> **YOUR OBJECTIVE**
Among the lines below, a stretch begins at the one with "Trio Gotas Cravejadas: elegância" and ends at the one with "Skoda Octavia Estate, Diesel, 2024, Blue". Repeat that stretch exactly, ends included.

== DATASET RECORDS ==

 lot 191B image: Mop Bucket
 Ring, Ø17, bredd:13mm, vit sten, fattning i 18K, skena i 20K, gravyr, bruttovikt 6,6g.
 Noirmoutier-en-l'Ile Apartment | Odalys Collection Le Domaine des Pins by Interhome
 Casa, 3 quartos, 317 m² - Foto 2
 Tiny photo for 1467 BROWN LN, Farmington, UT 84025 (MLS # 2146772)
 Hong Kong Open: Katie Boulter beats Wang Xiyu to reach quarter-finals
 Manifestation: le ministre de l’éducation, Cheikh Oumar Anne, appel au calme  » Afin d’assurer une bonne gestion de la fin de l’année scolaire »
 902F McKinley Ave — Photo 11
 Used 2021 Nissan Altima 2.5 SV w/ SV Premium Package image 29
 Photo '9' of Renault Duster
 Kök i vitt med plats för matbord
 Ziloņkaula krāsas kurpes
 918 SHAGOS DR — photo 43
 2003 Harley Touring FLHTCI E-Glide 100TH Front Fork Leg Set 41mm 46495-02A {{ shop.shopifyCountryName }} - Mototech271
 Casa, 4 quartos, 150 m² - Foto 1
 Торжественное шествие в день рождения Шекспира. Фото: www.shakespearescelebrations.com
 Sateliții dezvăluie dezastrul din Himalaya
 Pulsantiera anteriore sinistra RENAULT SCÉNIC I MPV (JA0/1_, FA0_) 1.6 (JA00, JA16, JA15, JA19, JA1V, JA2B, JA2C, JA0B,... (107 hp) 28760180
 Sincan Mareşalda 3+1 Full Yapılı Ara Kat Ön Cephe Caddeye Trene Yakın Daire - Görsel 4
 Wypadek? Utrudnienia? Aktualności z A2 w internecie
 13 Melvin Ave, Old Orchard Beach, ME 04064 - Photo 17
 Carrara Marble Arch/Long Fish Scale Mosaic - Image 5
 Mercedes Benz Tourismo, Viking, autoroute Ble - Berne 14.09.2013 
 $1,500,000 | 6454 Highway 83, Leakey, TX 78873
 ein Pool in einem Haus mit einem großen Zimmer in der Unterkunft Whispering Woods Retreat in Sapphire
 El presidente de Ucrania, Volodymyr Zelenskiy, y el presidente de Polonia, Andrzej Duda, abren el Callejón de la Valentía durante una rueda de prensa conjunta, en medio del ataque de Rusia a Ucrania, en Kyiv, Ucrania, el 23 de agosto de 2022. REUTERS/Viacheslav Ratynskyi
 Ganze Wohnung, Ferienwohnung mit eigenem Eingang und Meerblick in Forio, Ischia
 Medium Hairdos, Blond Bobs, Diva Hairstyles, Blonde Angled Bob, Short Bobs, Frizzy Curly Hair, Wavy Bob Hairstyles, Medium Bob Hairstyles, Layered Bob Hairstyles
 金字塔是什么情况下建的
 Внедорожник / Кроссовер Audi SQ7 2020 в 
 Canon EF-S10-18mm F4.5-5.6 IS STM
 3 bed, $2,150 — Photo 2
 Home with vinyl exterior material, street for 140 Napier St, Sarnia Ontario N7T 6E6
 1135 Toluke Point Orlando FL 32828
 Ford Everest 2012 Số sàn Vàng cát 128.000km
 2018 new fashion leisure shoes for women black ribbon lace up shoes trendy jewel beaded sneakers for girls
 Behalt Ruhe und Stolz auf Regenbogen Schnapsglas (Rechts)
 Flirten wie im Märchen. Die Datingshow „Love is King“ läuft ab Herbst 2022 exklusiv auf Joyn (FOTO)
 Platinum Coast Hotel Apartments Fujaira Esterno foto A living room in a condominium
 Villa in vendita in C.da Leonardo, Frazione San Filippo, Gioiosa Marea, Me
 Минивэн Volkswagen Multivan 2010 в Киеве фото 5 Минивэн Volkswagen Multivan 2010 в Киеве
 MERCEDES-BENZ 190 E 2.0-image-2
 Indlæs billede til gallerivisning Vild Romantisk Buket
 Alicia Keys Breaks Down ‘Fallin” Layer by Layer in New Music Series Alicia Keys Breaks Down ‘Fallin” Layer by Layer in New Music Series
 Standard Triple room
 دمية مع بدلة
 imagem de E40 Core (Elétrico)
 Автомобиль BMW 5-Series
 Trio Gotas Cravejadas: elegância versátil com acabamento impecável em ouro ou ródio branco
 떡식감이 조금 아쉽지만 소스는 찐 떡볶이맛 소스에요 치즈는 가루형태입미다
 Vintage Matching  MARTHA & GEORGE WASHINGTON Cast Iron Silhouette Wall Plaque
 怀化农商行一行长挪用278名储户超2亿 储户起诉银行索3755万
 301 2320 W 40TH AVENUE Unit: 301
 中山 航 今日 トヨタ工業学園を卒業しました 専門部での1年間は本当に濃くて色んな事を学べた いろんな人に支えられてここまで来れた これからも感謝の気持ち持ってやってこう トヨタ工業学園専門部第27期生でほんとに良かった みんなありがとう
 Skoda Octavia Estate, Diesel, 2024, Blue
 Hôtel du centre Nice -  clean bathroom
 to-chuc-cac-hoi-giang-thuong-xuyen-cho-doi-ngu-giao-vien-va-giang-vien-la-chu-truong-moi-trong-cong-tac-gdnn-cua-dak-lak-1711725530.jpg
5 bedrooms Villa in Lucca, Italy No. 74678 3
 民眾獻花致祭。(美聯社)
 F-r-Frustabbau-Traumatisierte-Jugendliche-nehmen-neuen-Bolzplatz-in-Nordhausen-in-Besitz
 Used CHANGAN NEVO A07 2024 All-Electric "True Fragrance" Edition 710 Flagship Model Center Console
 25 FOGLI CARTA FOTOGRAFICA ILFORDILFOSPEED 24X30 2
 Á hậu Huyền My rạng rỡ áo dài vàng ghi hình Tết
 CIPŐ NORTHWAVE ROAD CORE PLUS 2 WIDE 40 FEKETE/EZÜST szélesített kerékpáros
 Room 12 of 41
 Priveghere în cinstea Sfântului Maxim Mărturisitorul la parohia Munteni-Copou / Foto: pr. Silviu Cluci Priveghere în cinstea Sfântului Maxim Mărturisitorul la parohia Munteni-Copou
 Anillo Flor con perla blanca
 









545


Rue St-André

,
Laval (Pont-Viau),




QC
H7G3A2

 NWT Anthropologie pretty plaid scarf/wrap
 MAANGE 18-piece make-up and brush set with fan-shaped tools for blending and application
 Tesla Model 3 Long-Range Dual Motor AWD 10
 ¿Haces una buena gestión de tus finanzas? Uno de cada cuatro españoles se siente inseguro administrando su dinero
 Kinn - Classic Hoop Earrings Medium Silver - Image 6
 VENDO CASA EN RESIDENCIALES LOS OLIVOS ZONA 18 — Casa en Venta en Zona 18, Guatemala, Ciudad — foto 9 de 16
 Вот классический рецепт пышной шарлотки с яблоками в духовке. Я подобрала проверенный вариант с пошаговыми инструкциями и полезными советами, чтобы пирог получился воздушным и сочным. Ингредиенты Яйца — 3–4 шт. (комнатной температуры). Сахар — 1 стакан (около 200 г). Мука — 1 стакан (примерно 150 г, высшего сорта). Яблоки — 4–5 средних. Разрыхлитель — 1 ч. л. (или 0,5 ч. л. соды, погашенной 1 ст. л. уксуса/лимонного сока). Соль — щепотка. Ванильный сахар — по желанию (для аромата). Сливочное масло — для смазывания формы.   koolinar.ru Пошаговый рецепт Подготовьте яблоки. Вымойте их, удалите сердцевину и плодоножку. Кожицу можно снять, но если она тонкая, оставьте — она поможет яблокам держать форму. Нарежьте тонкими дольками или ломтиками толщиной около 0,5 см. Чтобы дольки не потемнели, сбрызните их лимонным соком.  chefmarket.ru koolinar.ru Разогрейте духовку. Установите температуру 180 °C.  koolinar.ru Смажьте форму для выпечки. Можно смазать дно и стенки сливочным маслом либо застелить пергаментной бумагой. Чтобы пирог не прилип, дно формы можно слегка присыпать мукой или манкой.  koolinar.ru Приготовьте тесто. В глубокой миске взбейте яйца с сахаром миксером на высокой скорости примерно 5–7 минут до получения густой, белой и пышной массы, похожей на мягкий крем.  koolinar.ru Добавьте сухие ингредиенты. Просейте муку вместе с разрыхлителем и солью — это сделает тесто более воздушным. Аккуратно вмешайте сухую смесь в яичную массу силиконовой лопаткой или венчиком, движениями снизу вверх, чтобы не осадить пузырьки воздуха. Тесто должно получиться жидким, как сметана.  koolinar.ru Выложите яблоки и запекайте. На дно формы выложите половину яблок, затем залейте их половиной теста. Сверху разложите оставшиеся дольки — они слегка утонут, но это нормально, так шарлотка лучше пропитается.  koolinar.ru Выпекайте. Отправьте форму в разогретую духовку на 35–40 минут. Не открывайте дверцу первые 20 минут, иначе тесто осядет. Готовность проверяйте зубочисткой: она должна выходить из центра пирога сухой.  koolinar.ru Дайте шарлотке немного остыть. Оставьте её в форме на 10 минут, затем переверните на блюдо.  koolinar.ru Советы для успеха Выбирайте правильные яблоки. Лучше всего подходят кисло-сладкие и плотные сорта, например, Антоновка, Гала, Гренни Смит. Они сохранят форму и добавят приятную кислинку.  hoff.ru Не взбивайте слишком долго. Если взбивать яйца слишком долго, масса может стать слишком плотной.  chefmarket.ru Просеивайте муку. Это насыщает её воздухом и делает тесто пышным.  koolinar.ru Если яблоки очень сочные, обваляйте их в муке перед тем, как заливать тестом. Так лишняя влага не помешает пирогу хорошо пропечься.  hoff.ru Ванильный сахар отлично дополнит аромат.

===

> **TASK SOLUTION**
 Trio Gotas Cravejadas: elegância versátil com acabamento impecável em ouro ou ródio branco
 떡식감이 조금 아쉽지만 소스는 찐 떡볶이맛 소스에요 치즈는 가루형태입미다
 Vintage Matching  MARTHA & GEORGE WASHINGTON Cast Iron Silhouette Wall Plaque
 怀化农商行一行长挪用278名储户超2亿 储户起诉银行索3755万
 301 2320 W 40TH AVENUE Unit: 301
 中山 航 今日 トヨタ工業学園を卒業しました 専門部での1年間は本当に濃くて色んな事を学べた いろんな人に支えられてここまで来れた これからも感謝の気持ち持ってやってこう トヨタ工業学園専門部第27期生でほんとに良かった みんなありがとう
 Skoda Octavia Estate, Diesel, 2024, Blue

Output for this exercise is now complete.